We have tested for months to produce a product that will outlast our Super VRT and provide more shine. Adam's Tire Shine is not greasy and will not run when properly applied on tires. Our new Tire Shine works great on tires with large tread blocks because it is sprayed onto the surface during application.

What Will It Look Like?

You can achieve two finishes with our tire shine:

Apply our Tire Shine to a clean, dry tire and dress with an applicator for a deep, dark finish.

Or, spray the tire liberally and let the product fully dry without using an applicator to achieve the ultra high gloss look. Note: you may want to go over the tire once with an applicator to catch any of the product that may be pooling in the tread blocks or grooves after the majority of it has dried.

How Does It Work?

First, make sure the tire is cleaned with our All Purpose Cleaner. Then simply spray the outer tread blocks with a light mist of our new Tire Shine on a dry tire. Follow this step by grabbing a Block Sponge or Hex Grip Applicator and spraying directly into the applicator. Use the applicator to apply a thin even layer across the tread block and the face of the tire.

NOTE: This product is designed specifically for tires. If you are looking to dress trim or are more interested in a low shine tire dressing please take a look at our Super VRT.

*

Sounds interesting so lets see how it performs :thumb:

*The Method:*

So the test bed today was Mrs P's Cooper so the normal bath was needed...



But before this the wheels and tyres were cleaned, the tyres were scrubbed with a brush and a 5-1 dilution of APC them pressure washed off to rinse.



Really detailed application information could be found on the bottle which was really good so the tyre dressing was sprayed onto the rim of the tyre toward the tread area rather than in the middle of the side wall.



About 6 squirts were applied to the tyre in this way then rubbed in using a sponge applicator.



The product soaked into the tyre really well and left a clean finish, it also didn't feel greasy to touch which was refreshing and any residue that got onto the wheels was easily wiped off



And after 10 mins the tyres looked great and i didnt feel the need for a 2nd coat.

Now normally i am not keen on a shiny finish but i was pretty keen on how this looked as although it did look more showy than i would normally choose i thought i looked really good

*Price:*

£13.99 (£ not $)for a 16oz bottle, before any discount available from here:http://www.prestigecarcareshop.com/store/p44/Adam's_NEW_Tire_Shine.html

This would put Tire Shine at the higher end of the market but judging by how much i used you can be pretty frugal with it so could be pretty good value:thumb:

*Would I use it again?:*

I really liked the finish and i really liked the ease of application (I didnt like the smell but thats down to personal opinion) so really its all down to durability...

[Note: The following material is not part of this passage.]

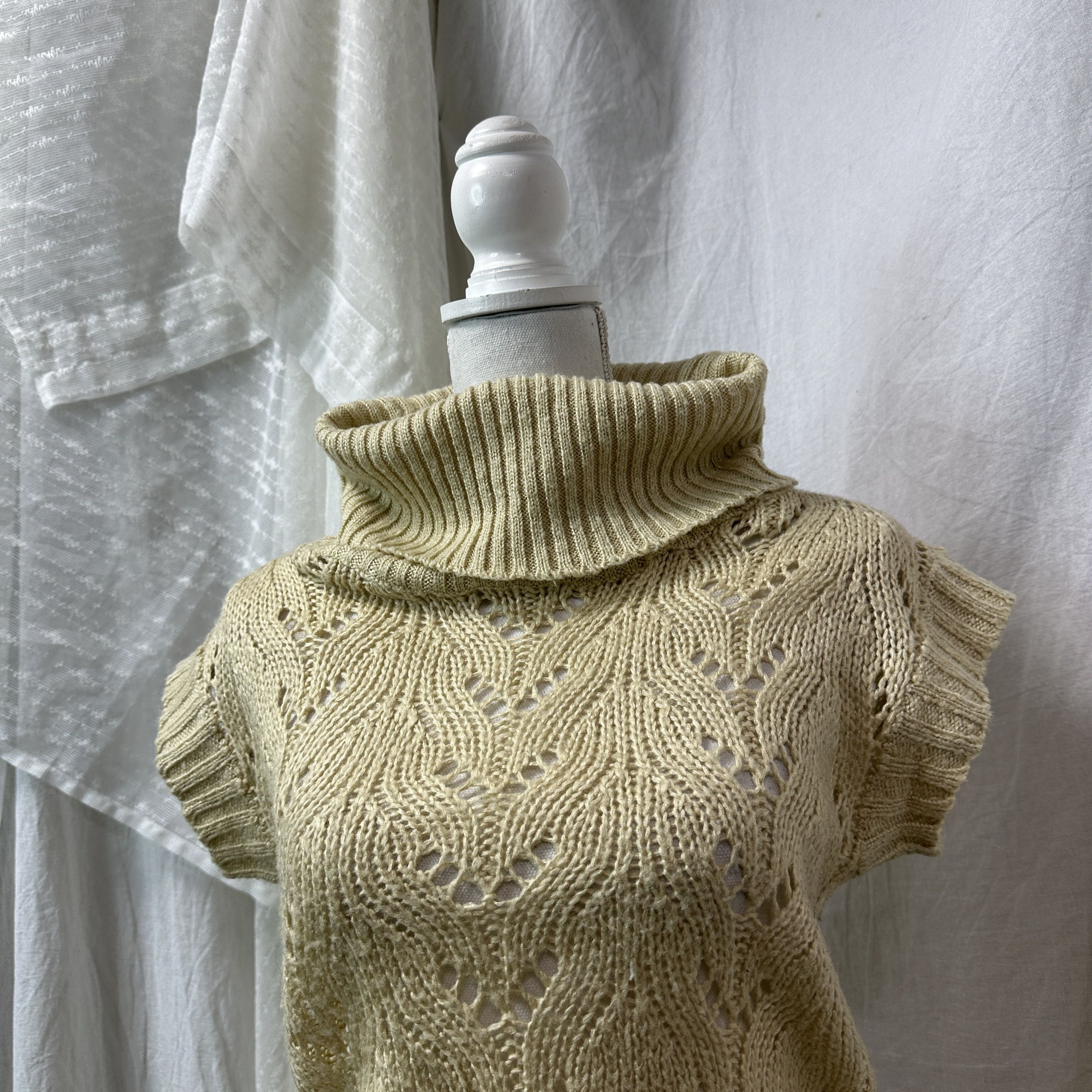 Vintage Vintage Cottage Big Collar Turtleneck Sweater Y2K Size M / US 6-8 / IT 42-44 - 3 Thumbnail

Now if it washes away with the 1st little rain shower then perhaps not but if it can do a couple of weeks then yes i would.( i will update over the coming weeks re: durability)

*Conclusion:*

Adams Tyre shine is a easy to use tyre dressing which leaves a great finish.
Its non greasy and if left for the correct amount of time non sling, it smells of bananas and should represent good value if not over applied as 1 single coat seems to leave a great finish.



If you like a clean and shiny looking tyre and are fed up with greasy gels other potions which sling all over the place give the Adams Tyre Shine a go :thumb:

*Thanks for reading*


----------